Boysie watched the man leave. He looked like a snotty-nosed ferret, made Boysie feel sick. Silversleeves, they called him behind his back. He was disliked, hated even, but he knew his scam and so for that reason the boys put up with him. He was a grass, but he was too frightened to grass them. He didn’t have the guts.
Mitchell, now, he was a different kettle of fish altogether. He had disappeared off the face of the earth after Rosalee’s funeral, which was just as well because for all the twins’ promises to their aunt about not touching him, they would have decapitated the ponce on sight, such was their temper with him. Well, they’d had a few scores to settle with him, and now they had a few more.
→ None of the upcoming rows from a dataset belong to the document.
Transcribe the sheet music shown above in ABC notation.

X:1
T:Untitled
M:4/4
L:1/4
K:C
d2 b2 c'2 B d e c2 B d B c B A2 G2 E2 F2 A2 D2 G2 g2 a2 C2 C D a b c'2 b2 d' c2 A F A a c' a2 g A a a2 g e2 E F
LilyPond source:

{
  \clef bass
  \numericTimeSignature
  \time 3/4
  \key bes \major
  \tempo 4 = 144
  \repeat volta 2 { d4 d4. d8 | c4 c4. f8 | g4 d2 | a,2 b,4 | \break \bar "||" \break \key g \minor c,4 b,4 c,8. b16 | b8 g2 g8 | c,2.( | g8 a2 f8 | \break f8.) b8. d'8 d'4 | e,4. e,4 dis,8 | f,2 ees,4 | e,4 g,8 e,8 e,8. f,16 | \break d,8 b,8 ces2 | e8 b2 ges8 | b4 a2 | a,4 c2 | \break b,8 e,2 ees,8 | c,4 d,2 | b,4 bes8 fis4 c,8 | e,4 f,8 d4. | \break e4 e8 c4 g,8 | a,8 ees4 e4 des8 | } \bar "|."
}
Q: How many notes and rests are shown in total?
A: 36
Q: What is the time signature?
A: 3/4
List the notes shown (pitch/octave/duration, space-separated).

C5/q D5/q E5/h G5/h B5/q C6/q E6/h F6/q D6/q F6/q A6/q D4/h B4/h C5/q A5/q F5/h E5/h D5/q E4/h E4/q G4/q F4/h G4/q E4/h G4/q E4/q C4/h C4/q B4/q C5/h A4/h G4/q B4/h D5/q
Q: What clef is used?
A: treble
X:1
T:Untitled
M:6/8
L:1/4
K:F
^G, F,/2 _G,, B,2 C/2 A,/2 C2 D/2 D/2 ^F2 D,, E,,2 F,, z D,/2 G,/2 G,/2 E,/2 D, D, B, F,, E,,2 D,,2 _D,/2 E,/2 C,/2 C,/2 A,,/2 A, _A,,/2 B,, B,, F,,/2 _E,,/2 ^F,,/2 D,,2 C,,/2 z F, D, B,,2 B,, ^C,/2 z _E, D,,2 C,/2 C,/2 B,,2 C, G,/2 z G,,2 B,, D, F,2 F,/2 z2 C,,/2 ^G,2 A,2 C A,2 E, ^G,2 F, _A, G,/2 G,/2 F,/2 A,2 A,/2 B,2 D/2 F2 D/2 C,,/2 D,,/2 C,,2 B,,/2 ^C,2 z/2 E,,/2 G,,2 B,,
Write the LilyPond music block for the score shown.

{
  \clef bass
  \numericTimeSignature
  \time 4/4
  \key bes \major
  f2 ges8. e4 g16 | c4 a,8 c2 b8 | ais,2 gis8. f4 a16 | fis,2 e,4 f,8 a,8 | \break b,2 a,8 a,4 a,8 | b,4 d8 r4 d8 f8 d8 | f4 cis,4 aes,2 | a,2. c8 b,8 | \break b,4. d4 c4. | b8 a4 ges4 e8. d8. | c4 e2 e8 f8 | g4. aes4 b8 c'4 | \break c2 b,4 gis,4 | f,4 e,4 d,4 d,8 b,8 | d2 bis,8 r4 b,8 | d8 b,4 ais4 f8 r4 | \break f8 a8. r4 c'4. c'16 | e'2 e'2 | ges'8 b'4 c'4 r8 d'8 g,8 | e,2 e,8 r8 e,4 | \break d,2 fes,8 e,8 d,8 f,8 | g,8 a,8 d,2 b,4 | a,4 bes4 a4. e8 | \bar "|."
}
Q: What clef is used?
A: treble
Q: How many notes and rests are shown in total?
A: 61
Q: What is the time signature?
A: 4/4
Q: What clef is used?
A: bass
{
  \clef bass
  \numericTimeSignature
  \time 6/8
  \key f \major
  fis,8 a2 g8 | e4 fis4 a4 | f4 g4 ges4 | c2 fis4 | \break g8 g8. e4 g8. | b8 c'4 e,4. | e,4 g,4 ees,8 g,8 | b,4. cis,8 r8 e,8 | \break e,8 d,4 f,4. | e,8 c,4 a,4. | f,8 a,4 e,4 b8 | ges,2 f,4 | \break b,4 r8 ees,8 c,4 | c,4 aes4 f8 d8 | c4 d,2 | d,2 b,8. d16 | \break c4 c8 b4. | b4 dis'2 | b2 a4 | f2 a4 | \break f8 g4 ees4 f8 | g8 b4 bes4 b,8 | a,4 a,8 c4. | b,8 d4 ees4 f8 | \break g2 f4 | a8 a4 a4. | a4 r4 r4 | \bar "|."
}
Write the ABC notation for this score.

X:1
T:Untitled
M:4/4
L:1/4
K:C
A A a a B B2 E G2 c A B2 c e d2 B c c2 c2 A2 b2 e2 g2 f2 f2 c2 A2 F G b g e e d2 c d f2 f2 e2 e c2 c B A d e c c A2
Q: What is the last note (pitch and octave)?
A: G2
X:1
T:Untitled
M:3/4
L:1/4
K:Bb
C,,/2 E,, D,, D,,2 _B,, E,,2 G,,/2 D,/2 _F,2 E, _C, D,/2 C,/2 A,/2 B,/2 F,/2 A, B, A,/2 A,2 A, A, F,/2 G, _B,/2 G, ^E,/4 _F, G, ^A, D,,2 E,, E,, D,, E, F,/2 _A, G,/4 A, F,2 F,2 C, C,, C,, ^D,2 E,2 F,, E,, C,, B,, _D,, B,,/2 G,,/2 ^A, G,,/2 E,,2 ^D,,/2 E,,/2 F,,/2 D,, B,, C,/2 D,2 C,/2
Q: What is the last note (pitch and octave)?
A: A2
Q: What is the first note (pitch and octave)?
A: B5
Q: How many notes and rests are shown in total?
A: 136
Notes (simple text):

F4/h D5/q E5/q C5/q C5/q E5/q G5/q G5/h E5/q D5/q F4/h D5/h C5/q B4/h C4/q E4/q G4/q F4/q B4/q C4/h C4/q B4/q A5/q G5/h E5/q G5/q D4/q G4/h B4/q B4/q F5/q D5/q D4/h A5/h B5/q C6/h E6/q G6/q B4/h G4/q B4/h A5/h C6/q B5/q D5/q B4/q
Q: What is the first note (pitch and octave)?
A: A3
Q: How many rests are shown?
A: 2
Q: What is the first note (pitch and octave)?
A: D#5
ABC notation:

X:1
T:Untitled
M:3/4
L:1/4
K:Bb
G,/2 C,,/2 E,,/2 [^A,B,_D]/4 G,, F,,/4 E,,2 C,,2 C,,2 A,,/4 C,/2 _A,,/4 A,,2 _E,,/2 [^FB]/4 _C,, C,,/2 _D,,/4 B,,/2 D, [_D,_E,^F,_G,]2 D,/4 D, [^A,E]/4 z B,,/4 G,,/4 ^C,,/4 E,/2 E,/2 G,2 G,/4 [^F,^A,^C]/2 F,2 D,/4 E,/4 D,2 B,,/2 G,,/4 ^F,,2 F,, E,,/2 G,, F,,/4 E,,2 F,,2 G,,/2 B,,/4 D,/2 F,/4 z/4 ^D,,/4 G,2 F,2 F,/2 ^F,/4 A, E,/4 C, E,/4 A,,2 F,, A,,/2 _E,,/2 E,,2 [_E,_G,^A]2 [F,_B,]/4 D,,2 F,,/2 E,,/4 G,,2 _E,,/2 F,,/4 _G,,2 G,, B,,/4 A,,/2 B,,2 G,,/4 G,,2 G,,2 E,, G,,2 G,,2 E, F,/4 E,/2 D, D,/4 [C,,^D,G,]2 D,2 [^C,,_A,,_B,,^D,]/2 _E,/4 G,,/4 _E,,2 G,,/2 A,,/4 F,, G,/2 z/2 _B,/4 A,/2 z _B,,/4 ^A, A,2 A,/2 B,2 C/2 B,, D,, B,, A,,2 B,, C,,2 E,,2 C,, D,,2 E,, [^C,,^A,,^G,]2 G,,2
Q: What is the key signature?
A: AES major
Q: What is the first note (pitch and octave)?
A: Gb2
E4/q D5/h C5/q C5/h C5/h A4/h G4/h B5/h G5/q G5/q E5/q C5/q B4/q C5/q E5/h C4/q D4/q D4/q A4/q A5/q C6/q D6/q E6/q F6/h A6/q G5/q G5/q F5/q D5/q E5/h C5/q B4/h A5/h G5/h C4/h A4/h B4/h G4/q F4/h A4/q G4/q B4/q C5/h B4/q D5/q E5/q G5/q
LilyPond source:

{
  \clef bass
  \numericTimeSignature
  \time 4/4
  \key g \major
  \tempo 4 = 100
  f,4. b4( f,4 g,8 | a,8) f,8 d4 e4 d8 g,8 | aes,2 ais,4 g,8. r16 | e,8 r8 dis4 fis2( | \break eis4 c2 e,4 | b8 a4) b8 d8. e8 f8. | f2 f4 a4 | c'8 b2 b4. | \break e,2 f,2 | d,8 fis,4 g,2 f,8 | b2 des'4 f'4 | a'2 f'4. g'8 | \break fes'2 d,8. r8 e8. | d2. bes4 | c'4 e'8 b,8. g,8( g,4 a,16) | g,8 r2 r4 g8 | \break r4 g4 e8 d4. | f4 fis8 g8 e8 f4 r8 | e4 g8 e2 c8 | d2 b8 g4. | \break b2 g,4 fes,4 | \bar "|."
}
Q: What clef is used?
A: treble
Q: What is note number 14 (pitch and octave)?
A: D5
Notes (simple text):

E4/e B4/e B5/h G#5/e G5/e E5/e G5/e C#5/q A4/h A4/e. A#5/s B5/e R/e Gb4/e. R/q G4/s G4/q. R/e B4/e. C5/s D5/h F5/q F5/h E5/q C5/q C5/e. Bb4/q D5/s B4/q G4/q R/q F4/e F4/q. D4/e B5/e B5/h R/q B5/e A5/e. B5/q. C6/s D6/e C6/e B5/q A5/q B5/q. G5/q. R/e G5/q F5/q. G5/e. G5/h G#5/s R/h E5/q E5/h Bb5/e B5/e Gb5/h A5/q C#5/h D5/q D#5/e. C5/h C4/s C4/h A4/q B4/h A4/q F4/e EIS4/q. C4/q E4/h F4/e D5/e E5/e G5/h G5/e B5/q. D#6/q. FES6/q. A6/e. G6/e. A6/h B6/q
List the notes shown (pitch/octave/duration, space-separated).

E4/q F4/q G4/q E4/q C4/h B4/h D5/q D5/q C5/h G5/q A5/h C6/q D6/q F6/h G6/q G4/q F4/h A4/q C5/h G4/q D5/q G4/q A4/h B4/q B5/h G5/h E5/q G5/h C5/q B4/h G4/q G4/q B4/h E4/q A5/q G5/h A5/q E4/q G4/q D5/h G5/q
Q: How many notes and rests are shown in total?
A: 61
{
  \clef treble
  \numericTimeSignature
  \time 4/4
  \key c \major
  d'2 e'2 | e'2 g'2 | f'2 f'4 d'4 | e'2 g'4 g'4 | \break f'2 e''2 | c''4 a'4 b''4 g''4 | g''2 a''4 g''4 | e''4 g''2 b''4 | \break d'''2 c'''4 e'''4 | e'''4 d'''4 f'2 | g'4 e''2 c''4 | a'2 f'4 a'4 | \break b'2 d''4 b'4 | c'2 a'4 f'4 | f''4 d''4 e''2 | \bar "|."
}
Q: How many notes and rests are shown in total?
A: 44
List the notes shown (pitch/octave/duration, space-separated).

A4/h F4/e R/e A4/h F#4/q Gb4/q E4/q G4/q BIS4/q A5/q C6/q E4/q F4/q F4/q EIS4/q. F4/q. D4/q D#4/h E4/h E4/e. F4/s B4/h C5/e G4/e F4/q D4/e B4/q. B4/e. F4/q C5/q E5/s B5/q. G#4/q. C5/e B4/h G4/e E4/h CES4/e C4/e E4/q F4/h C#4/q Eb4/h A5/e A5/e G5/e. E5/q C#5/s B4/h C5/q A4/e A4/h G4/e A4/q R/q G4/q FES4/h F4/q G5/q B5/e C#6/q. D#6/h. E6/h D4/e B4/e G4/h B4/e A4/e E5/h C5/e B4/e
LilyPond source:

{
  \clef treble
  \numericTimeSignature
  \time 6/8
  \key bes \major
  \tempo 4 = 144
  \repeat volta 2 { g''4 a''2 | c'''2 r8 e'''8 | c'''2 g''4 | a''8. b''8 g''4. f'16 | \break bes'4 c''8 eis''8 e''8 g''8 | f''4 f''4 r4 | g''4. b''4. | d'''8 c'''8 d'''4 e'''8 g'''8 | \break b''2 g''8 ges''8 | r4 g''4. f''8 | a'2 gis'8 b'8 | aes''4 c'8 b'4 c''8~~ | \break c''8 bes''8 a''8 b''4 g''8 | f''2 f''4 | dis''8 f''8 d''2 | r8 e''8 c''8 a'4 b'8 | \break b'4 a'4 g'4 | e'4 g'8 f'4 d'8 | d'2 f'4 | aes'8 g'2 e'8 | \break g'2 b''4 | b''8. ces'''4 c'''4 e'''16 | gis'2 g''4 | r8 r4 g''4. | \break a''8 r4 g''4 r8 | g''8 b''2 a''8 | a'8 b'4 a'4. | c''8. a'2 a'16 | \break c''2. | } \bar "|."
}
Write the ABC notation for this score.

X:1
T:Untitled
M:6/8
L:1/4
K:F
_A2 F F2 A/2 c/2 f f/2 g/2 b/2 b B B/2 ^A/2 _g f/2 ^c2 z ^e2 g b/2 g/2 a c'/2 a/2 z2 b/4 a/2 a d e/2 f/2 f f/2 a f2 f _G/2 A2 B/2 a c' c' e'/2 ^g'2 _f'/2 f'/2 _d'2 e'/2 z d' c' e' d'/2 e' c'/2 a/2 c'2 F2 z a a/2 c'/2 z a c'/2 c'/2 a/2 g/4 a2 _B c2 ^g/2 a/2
With all the trouble and aggravation at home, and now this as well, Boysie was practically enjoying the thought of getting it all out of his system.
Limmington had spoken to Belling and was feeling on top of the world.
If what Belling said was true, they could nick the Cavanaghs this time good and proper. It was like a dream come true. Delia Dowling was unreliable in as much as she was a drug user, but she also knew better than anyone what her family was capable of. If she could be a credible witness... He savoured the thought to himself like a pools win. It was too good to be true.